Brief:
Write out only the lines from the line that holds "Mức Cược, Dòng Thưởng Và Giới Hạn Suy Luận" to the end of the listing below, inclusive, with the pictures omitted.

Exercise inputs:

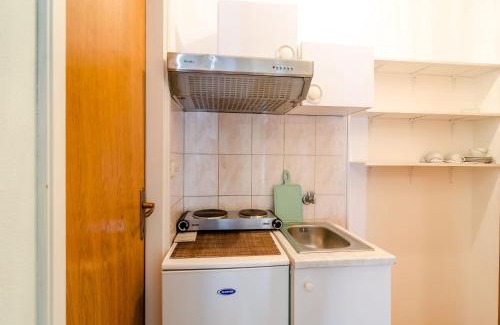 Mlini Apartamento | Apartments Cvjetković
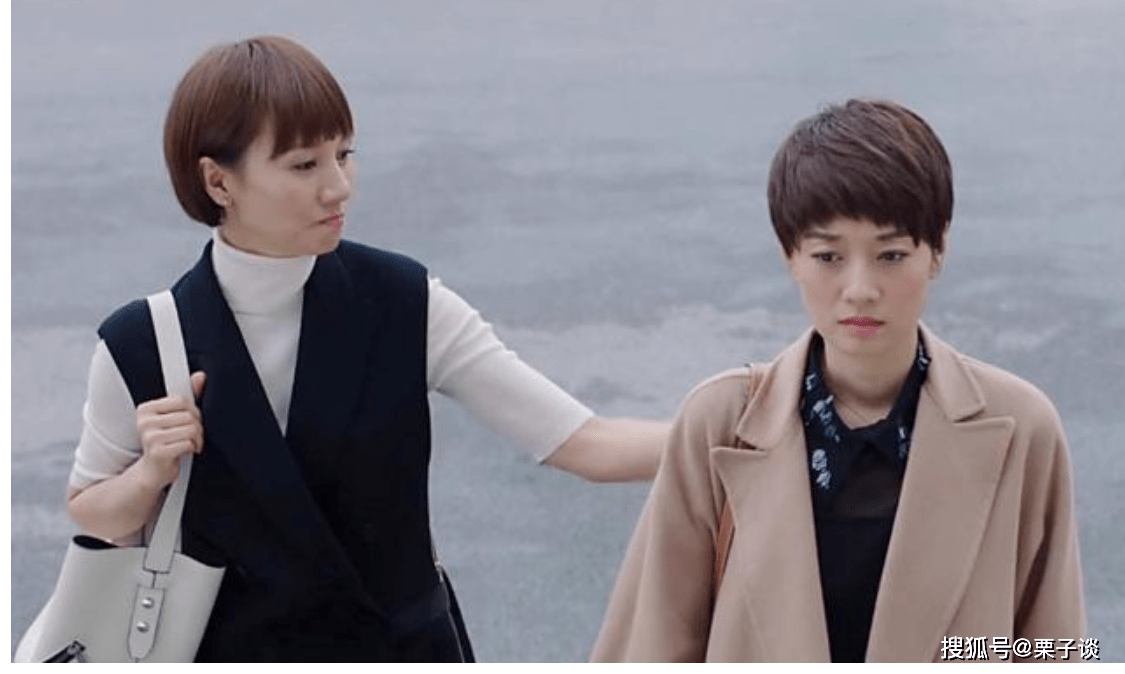 演员阵容强大,包括靳东,马伊琍,袁泉,陈道明,吴越和雷佳音,他们的出色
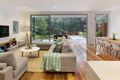 Property photo of 52 Eileen Street North Balgowlah NSW 2093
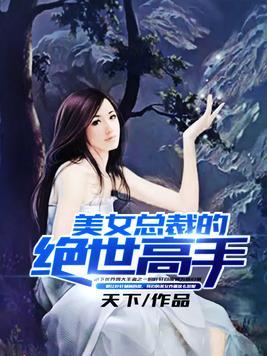 绝世高手，小保安与美女总裁的浪漫奇缘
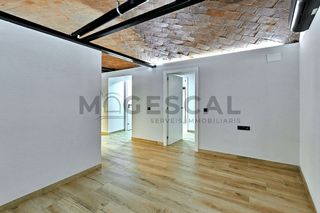 Piso en venta en Caldes de Montbui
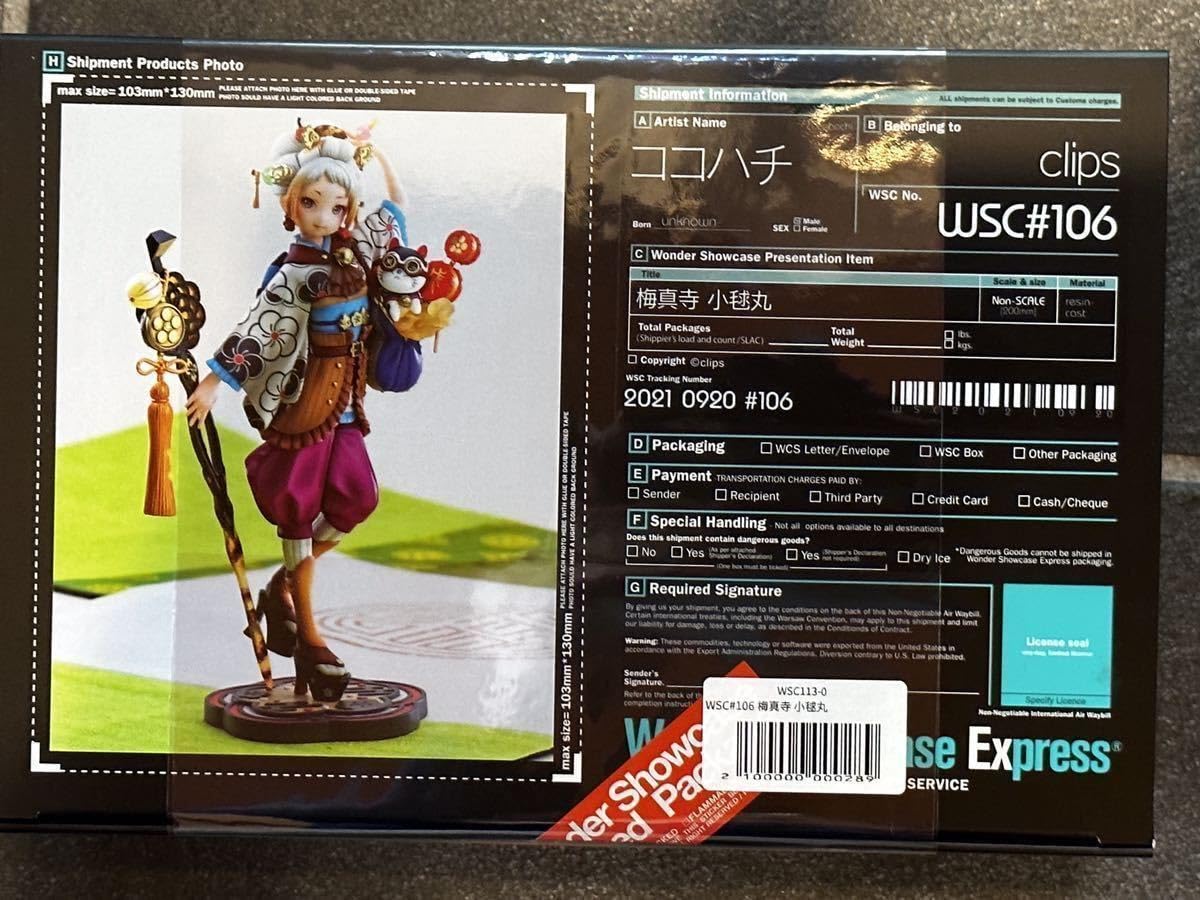 格闘球技少女　ワンダーショーケース　ガレージキット 格闘球技少女 ワンダーショーケース ガレージキット ガレージキット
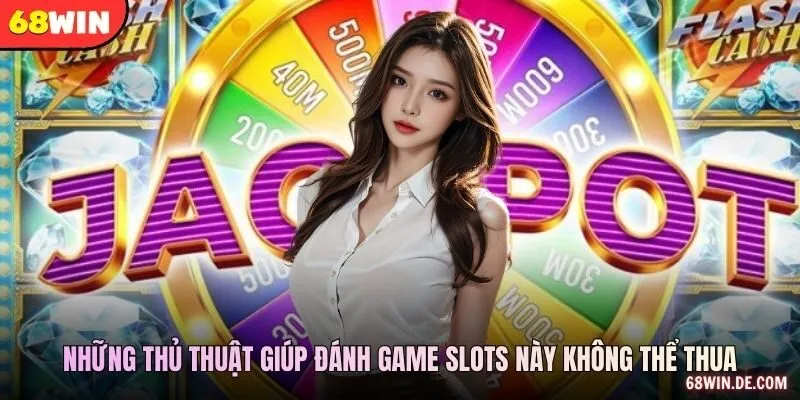 Mức Cược, Dòng Thưởng Và Giới Hạn Suy Luận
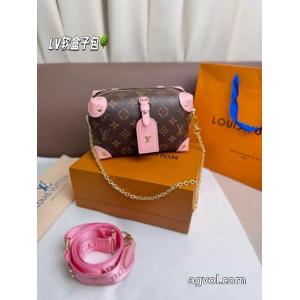 偽 ブランド 購入バッグセレブ多数愛用 現地でついに発売 新品限定セールLOUIS VUITTON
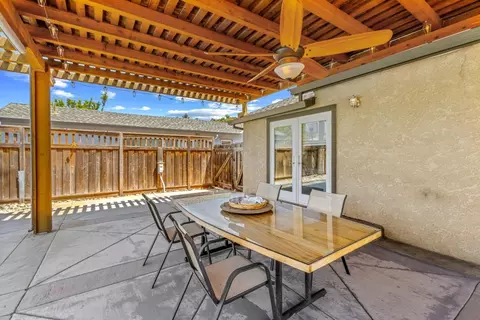 Exterior - 953 Kenneth Ave, Campbell, CA 95008 photo 11 of 20
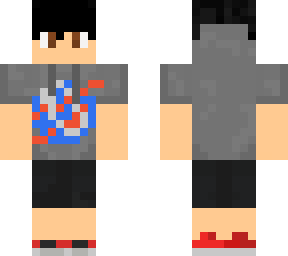ej_sa skin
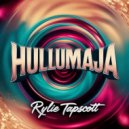 Rylie Tapscott - Hullumaja (Original Mix)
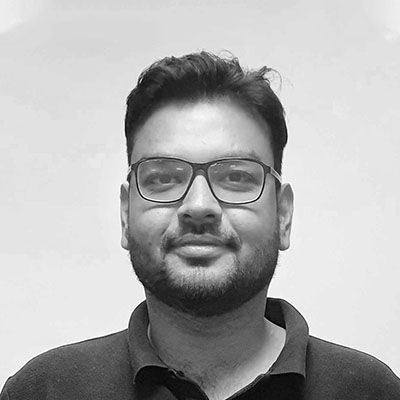 Shivender Singh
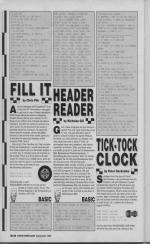 Your Sinclair #93 scan of page 44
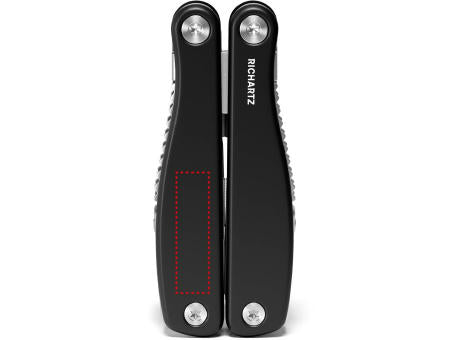 RICHARTZ® CRAFTER tool
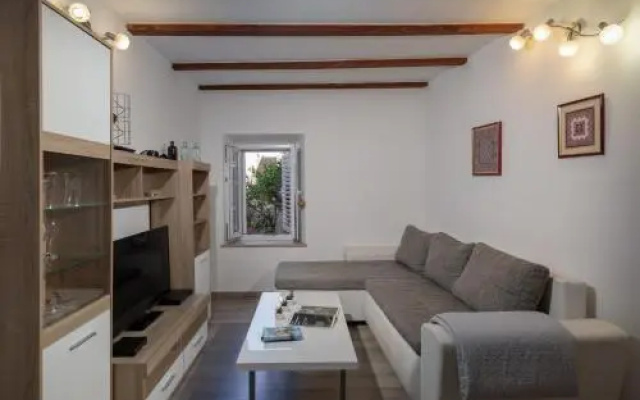 Apartment Martin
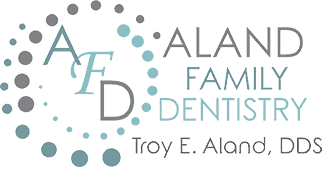 Aland Family Dentistry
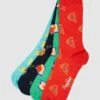 Happy Socks Socken Mit Stretch-Anteil Im 4er-Pack - Rot -Beliebt Bekleidungsgeschäft 9l5j4e219l2j4d1g9p3kgh1j9953edia9l34qkab6ks34ha5699ksi1k6d1jcg9o616kkgq264ojchqb68o36d1o6gqjec9nccp66opk70r6aoj36op36chp60smao9j6thj0o8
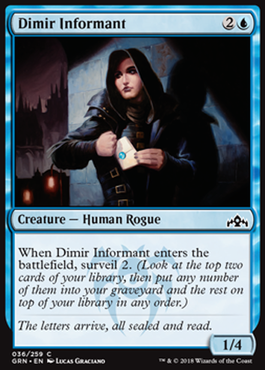 spoiler-grn-dimir-informant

Answer space:
 Mức Cược, Dòng Thưởng Và Giới Hạn Suy Luận
 偽 ブランド 購入バッグセレブ多数愛用 現地でついに発売 新品限定セールLOUIS VUITTON
 Exterior - 953 Kenneth Ave, Campbell, CA 95008 photo 11 of 20
ej_sa skin
 Rylie Tapscott - Hullumaja (Original Mix)
 Shivender Singh
 Your Sinclair #93 scan of page 44
 RICHARTZ® CRAFTER tool
 Apartment Martin
 Aland Family Dentistry
 Happy Socks Socken Mit Stretch-Anteil Im 4er-Pack - Rot -Beliebt Bekleidungsgeschäft 9l5j4e219l2j4d1g9p3kgh1j9953edia9l34qkab6ks34ha5699ksi1k6d1jcg9o616kkgq264ojchqb68o36d1o6gqjec9nccp66opk70r6aoj36op36chp60smao9j6thj0o8
 spoiler-grn-dimir-informant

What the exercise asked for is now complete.